### INFORMATION:
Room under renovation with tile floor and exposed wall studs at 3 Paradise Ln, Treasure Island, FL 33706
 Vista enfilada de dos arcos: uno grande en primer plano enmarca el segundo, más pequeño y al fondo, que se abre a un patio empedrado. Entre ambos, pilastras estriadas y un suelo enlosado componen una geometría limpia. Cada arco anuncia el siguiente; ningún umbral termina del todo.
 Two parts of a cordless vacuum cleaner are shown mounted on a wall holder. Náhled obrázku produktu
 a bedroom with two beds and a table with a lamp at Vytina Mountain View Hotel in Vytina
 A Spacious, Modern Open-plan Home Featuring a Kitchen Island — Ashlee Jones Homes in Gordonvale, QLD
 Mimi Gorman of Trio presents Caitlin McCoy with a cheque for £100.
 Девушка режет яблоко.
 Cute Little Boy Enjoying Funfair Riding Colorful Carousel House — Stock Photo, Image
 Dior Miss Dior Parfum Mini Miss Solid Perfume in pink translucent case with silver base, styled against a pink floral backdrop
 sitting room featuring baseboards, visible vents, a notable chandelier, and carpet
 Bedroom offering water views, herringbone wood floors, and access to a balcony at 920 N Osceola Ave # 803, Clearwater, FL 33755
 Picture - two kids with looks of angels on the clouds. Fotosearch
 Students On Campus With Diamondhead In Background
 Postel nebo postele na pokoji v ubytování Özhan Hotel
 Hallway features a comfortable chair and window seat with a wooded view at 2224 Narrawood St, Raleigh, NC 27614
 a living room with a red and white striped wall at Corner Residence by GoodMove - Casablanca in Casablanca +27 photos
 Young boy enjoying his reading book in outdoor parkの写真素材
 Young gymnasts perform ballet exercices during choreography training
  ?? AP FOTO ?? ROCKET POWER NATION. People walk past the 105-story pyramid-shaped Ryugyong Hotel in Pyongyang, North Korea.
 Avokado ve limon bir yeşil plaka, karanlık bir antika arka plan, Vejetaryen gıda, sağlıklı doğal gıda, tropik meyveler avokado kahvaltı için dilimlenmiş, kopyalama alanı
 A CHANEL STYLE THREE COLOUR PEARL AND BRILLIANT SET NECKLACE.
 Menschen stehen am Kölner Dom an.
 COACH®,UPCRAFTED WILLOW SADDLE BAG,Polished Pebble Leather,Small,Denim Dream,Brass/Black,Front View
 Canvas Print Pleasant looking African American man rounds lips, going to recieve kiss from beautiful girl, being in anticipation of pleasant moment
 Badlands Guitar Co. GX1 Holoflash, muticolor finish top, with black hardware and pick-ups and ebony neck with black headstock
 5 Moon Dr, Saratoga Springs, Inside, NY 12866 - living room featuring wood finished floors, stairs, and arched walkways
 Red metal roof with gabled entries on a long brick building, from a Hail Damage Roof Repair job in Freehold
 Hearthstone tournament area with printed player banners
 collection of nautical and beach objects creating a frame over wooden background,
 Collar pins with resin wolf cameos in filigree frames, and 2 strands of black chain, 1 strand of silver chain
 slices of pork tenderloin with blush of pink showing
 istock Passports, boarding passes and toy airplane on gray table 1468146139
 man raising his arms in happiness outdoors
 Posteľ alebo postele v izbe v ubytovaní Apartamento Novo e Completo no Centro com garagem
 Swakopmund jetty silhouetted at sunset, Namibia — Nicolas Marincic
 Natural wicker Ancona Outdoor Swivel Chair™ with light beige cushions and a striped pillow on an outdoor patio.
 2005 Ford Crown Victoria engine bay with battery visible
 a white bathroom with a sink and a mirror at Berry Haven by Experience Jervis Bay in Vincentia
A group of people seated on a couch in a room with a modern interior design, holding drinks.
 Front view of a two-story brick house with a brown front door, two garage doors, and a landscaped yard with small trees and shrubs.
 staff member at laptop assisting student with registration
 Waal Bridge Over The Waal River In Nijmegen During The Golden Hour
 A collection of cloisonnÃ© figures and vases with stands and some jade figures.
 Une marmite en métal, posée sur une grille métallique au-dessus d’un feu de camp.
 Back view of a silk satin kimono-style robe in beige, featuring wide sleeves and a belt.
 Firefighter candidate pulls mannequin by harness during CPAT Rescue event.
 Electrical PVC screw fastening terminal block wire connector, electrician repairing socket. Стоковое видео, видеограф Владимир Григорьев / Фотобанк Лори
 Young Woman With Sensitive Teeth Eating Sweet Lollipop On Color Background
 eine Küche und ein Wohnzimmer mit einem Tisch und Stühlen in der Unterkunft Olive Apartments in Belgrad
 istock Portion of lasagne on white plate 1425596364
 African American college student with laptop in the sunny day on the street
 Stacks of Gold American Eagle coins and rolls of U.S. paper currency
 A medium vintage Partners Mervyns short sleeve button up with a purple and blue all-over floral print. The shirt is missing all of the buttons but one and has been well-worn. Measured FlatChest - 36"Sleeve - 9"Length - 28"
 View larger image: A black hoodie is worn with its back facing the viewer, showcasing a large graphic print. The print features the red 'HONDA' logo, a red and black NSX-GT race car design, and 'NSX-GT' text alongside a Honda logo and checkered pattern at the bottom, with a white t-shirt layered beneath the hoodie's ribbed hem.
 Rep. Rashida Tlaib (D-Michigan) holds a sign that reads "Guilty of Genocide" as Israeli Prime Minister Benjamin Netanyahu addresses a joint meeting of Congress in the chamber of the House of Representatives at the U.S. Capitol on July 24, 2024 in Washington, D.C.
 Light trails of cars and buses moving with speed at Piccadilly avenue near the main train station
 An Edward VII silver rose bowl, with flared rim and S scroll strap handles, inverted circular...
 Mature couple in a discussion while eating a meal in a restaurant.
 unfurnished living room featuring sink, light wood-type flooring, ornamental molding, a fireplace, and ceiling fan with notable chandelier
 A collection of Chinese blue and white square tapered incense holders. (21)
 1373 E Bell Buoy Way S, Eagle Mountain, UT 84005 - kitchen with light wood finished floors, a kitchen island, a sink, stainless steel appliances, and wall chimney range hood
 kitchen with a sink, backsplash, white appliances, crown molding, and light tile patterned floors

### EXERCISE OBJECTIVE:
Using the entries above, return each line that includes the word "collection".

### YOUR RESPONSE:
 collection of nautical and beach objects creating a frame over wooden background,
 A collection of cloisonnÃ© figures and vases with stands and some jade figures.
 A collection of Chinese blue and white square tapered incense holders. (21)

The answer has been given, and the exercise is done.